Mozart's most modern opera is as much about the foolishness of young men as it is about the susceptibility of young women to extravagant romantic gestures. And if anyone knew about the business of falling in love with one sister then marrying another, it was Mozart.

Much like McVicar's La traviata, this is a staging of delectable details. Six silent actors move unobtrusively, serving drinks or playing billiards in the bar where Don Alfonso (Peter Savidge) makes his wager with Ferrando (Joel Prieto) and Guglielmo (Ville Rusanen). Their characters are quickly drawn: the young men arrogant and competitive yet wary enough to hesitate before accepting the bet; their mentor and adversary still vulnerable enough to be stung by a passing jibe at his age. Through the windows of this masculine sanctuary, the Faraglioni Rocks of the island of Capri can be seen in the distance. They're more than a touristic detail in Yannis Thavoris's handsome sets. They're the rocks that Fiordiligi (Violet Noorduyn) later points to as a symbol of her fidelity in "Come scoglio".

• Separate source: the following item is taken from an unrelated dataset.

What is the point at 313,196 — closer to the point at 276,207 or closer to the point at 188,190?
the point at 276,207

Just as Ferrando and Guglielmo idealise their lovers, so do Fiordiligi and Dorabella (Caitlin Hulcup). All four are impossibly naive, and much of Mozart's Act I music can be taken as a parody of the traditional lovers' lexicon: the sobs, the vows, the proud declarations. While McVicar plays with the girls' lockets, giving a foretaste of the coming confusion, Despina (Marie McLaughlin) bustles in: a regular Scottish wifey with a low regard for girls who don't recognise a mangle, and a natty way of extinguishing cigarettes with her apron. Despatched to battle, the soldiers are repackaged as moustachioed Turks; the dense foliage of the warm summer evening descends and the wooing and wounding begins.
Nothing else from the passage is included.